**Task description:** Only those lines in the data below from the line containing "The Best Street" through the line containing "Very Nice Boquete", both included, should be restated word for word.

**Stored data:**
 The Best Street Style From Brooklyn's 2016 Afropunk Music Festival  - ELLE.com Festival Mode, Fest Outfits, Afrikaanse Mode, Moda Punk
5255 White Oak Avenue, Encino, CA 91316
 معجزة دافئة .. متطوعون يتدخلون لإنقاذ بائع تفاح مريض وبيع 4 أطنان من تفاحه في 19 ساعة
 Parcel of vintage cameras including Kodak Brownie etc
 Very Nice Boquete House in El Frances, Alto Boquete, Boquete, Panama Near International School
==
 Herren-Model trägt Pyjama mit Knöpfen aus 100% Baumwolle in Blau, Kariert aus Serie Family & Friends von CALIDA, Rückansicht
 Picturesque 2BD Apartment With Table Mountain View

**Expected output:**
 The Best Street Style From Brooklyn's 2016 Afropunk Music Festival  - ELLE.com Festival Mode, Fest Outfits, Afrikaanse Mode, Moda Punk
5255 White Oak Avenue, Encino, CA 91316
 معجزة دافئة .. متطوعون يتدخلون لإنقاذ بائع تفاح مريض وبيع 4 أطنان من تفاحه في 19 ساعة
 Parcel of vintage cameras including Kodak Brownie etc
 Very Nice Boquete House in El Frances, Alto Boquete, Boquete, Panama Near International School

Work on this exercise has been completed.